Technology has gone so far that I can hide a video inside another video, an executable (.exe) inside another executable, an audio inside another audio or video or executable, an executable inside an image etc.
This is basically ok. The only problem, on opening or just clicking the visible file, the invisible file may have been programmed to run, sometimes without your knowledge. How unfortunate.
So, how can you be sure that the resume word document presented to you by a self-proclaimed interviewee, so that you can edit it on your desk machine, doesn’t contain a hidden executable?
The answer is you can never be sure.
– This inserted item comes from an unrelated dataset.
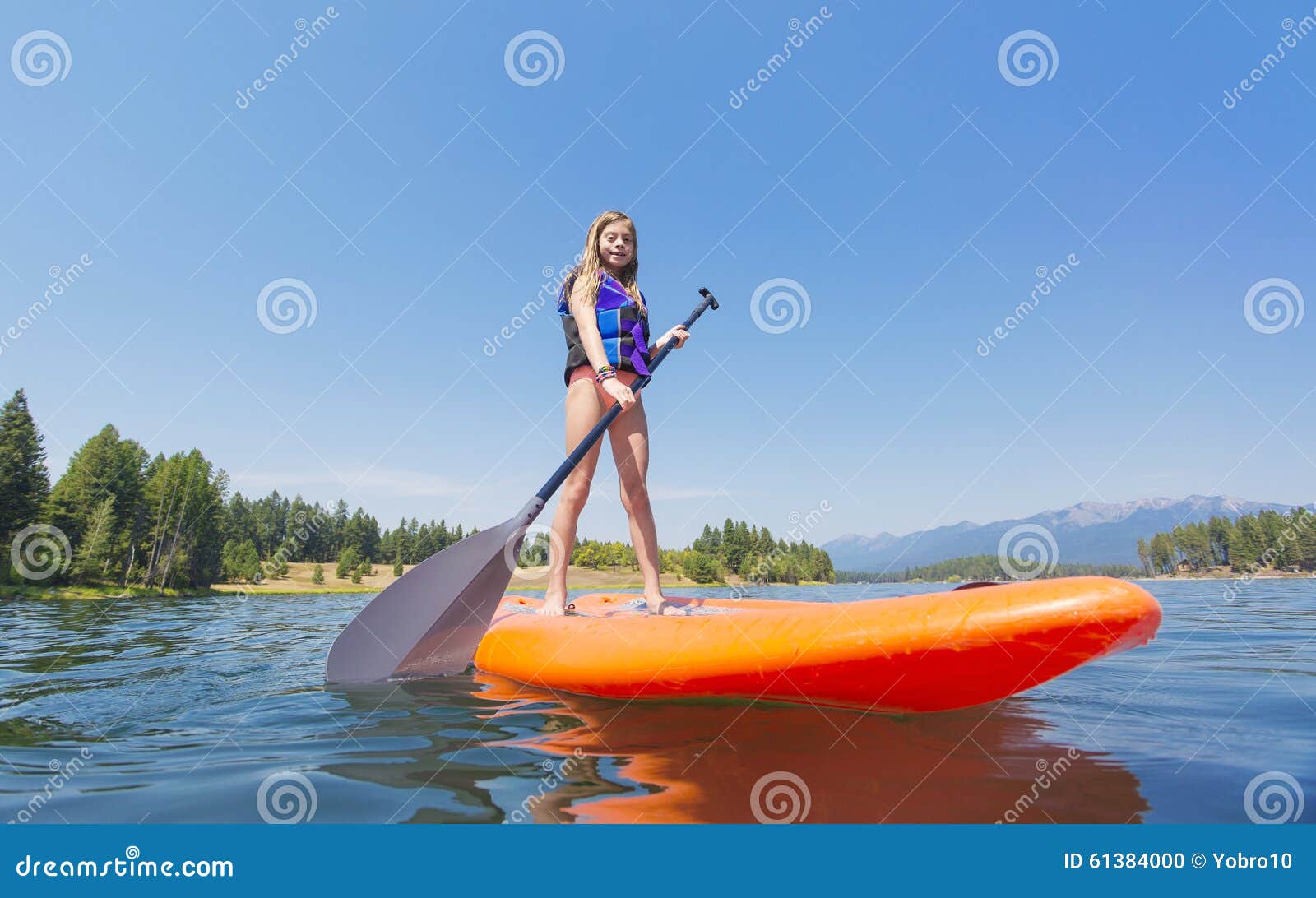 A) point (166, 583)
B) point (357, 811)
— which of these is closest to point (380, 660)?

Flash drives, compact disks, other memory sticks like hard disk drives (HDDs) and mem cards should not be accepted in the office.
Just to be sure you keep your human nature, as God prescribes it, you cannot just refuse to help a genuine stranger in need on the pretext that he may be loaded with a virus.
Just like the Ebola virus, there should be a quarantine for handling the alleged virus-loaded gadgets and files.
I would recommend that the organization should have a quarantine centre for any other third-party servicing like printing, document editing, and the like.
This quarantine zone is, of course, isolated from the corporate network. It should be for validating the security of gadgets and files before they are plugged into a corporate system.
Better still, they should be able to handle everything and just forward the documents to appropriate recipients, if necessary. Security comes at a price, indeed.
Accounts’ security
The corporate security policy should address how and when accounts are set up and terminated, how often passwords are changed, who can access what information, and how policy violations are to be handled.
Also, the policy should spell out help desk procedures for the previous tasks and a process for identifying employees—for example, using an employee number or other information to validate a password change.
Employee education
Above all, employee education is paramount.
All employees should be trained on how to keep confidential data safe.
Management teams should be involved in creating and implementing the security policy to fully understand and support it throughout the organization.
The company security awareness policy should require all new employees to undergo a security orientation.
Annual classes should be required to provide refreshers and updated information for employees.
Another way to increase involvement is through a monthly newsletter with security awareness articles.
Conclusion
One of the advantages of a strong security policy is that it removes the responsibility of employees to make judgment calls regarding a hacker’s request.
These decisions are always a big burden to whoever is to make them.
If the policy prohibits the requested action, the employee has guidelines for denying it. This is a difficult task simplified, which is at the core of the strategy.
It would melt my heart to see African organizations implement these recommendations to further their claim as the motherland. The mother ought to be more strategic than the child.